Thursday, June 11, 2009

Why we cook

Middle class folk from industrial countries don't worry too much about the major macronutritient diseases that kill millions (mostly children) throughout the world. Instead, we continuously argue about the proper proportions of macronutrients - our carbohydrates, fats, and proteins - the form these should come in, and how best to prepare them. So we have low-fat diets, Atkins diets, various flavors of vegetarianism (those that consider fish vegetables and those that consider fish animals), various flavors of carnivorous diets (red meat v. no red meat), vegan diets, the paleo diet, raw food diet, etc., etc,. etc.

Too much to blog about in one post but I will make one comment on any diet that purports to be "natural" or more in tune with our "nature" or "evolutionary past". The health claims of these diets assume that humans have not evolved since the pleistocene, that is, back when we were gathering nuts and scavenging lion kills on the African savannah. But there is a huge new research program in human evolutionary genetics that documents pervasive genetic adaption over the last few thousand years. The poster child of this phenomenon is the recent evolution of the regulation of the lactase gene, which has allowed both northern europeans and some africans to adapt (via natural selection) to the behavior of drinking milk from farm animals, as adults. Marlene Zuk has a nice essay from the NYT science section from earlier in the year. Note that the recent, accelerated genetic evolution theory is not uncontroversial (although certain instances like the lactase regulation is, indeed, uncontroversial). If you are interested, John Hawkes frequently blogs about this stuff and since he works in this field, his views merit close attention. In his most recent blog, John mentions Richard Wrangham's most recent book that is receiving a lot of interest: "Catching Fire: How Cooking made us Human". A seed interview with Wrangham about his book is short and sweet.

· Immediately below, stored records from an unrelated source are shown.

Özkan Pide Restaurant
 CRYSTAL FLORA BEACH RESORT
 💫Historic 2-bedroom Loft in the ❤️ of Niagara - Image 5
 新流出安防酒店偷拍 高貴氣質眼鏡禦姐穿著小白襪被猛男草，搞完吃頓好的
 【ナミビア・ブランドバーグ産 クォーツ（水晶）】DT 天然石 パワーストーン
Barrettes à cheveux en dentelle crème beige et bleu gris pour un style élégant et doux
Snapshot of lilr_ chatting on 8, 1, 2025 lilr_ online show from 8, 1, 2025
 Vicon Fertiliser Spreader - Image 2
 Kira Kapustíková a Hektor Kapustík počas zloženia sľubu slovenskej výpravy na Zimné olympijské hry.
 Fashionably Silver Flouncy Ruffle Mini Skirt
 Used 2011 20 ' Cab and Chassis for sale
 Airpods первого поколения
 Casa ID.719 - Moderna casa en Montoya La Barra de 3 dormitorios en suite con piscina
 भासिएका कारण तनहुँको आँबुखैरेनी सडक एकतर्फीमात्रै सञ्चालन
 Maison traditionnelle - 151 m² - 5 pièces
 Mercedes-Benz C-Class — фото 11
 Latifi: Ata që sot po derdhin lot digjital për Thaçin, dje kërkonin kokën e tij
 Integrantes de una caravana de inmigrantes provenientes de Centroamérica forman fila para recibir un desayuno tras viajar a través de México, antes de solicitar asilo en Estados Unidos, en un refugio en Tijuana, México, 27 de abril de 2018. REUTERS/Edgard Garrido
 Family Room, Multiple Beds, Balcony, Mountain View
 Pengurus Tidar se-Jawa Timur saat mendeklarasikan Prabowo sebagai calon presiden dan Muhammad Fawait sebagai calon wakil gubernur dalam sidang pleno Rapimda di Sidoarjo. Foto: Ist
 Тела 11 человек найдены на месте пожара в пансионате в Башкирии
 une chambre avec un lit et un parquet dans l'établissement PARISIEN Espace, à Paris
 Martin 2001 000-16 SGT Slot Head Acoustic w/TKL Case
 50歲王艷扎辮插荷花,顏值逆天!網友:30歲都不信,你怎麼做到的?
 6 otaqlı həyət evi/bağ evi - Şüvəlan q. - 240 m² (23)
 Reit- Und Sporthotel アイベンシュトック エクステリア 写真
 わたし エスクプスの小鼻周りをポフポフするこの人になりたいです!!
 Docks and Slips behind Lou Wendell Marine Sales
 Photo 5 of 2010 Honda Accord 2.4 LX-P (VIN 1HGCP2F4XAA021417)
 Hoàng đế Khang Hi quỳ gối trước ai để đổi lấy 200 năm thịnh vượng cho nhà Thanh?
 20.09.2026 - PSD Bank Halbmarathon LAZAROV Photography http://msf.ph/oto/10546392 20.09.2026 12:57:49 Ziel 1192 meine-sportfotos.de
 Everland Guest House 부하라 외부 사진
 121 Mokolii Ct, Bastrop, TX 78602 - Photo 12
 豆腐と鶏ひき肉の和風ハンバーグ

I've put this book on my list, but what I'm really curious is what (if any) selection has occurred in response to cooking?


  1. I know what you mean about evolution and diet....I noticed recently how many people seem to be alergic to peanuts.

    It is crazy as I don't remember anyone having
    problems when I was younger but now they have taken peanut butter out of the school lunch programs........

    Anouther one is Lactose you think it is actually the milk? I'm thinking it might relate to all the things we are now taking out of the milk.....and adding to it.

    Maybe there a reason for the cream?

  2. Ummm. I love peanut butter and eat it daily!

    All humans have a gene for a protein called lactase that is secreted into the small intestine and digests lactose, which is a sugar in milk (and any dairy product). Humans in nearly all populations across the world stop making this protein during early childhood, which makes sense because most cultures do not drink animal milk and are weaned off of the mother's milk at around age 2 or so. But several culture's began dairy farming - in Northern Europe and in some regions of Africa - within the last 10,000 years and a mutation that keeps the lactase gene active past childhood has increased in frequency (that is the evolution). The mutation hasn't reached 100% in these cultures (or their descendents, including most Americans) and people who don't have the new variant are "lactose intolerant" meaning that they cannot digest lactose, which ultimately causes the gas/diarrhea due to the excess water/bacteria.